What this task involves: Pictures aside, the data must be reproduced exactly.

Provided material:
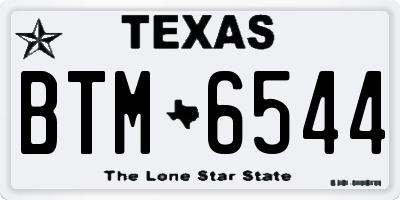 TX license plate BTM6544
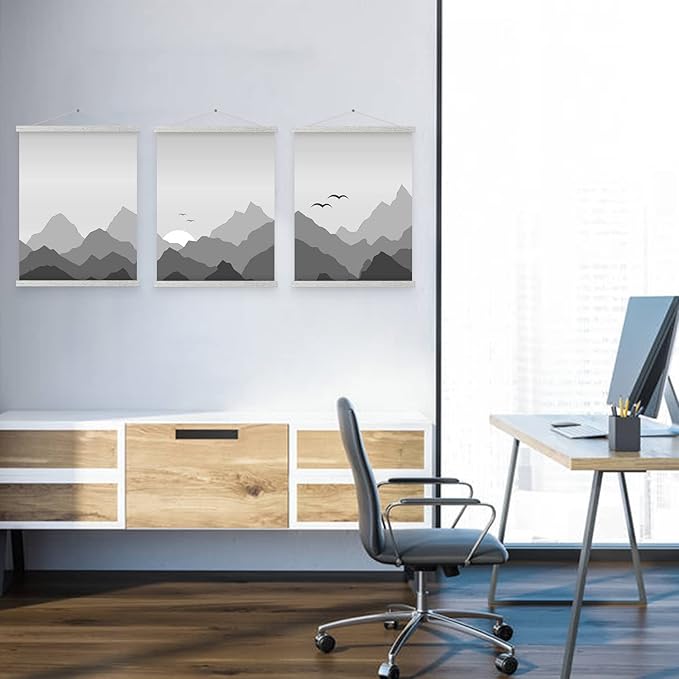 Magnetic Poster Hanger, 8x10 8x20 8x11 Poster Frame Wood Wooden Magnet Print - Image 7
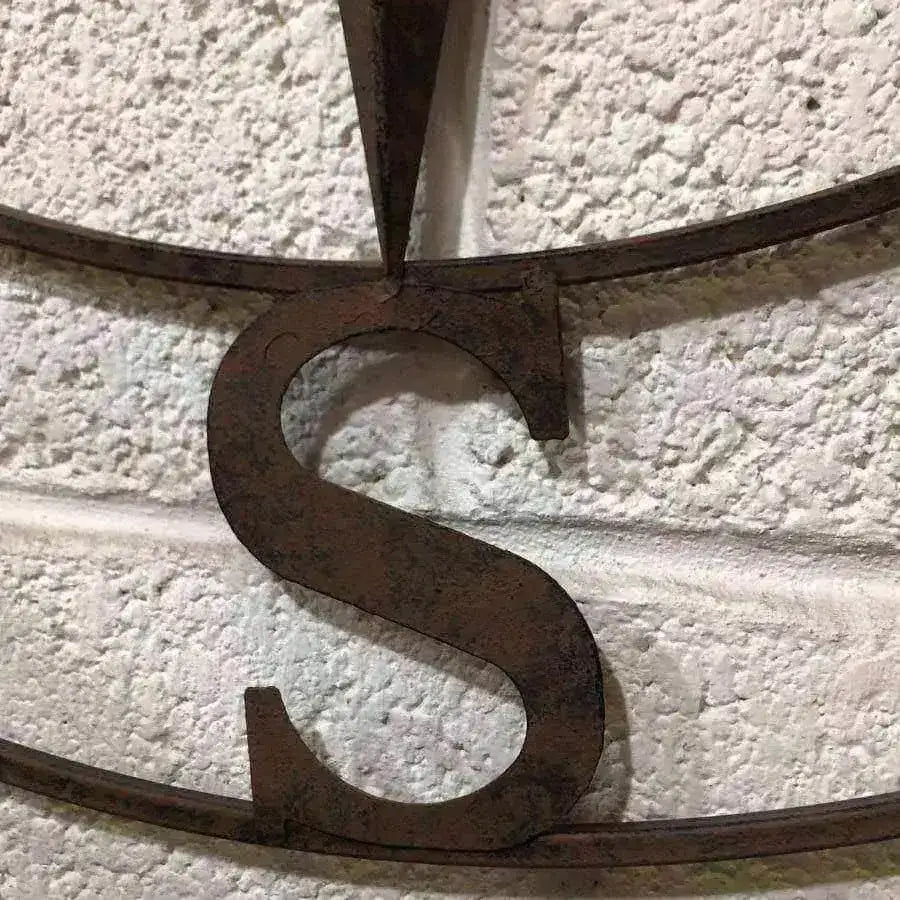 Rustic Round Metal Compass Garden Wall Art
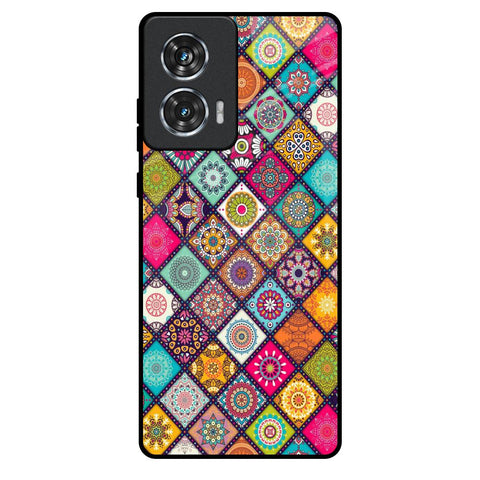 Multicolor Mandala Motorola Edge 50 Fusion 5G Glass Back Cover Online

Answer section:
 TX license plate BTM6544
 Magnetic Poster Hanger, 8x10 8x20 8x11 Poster Frame Wood Wooden Magnet Print - Image 7
 Rustic Round Metal Compass Garden Wall Art
 Multicolor Mandala Motorola Edge 50 Fusion 5G Glass Back Cover Online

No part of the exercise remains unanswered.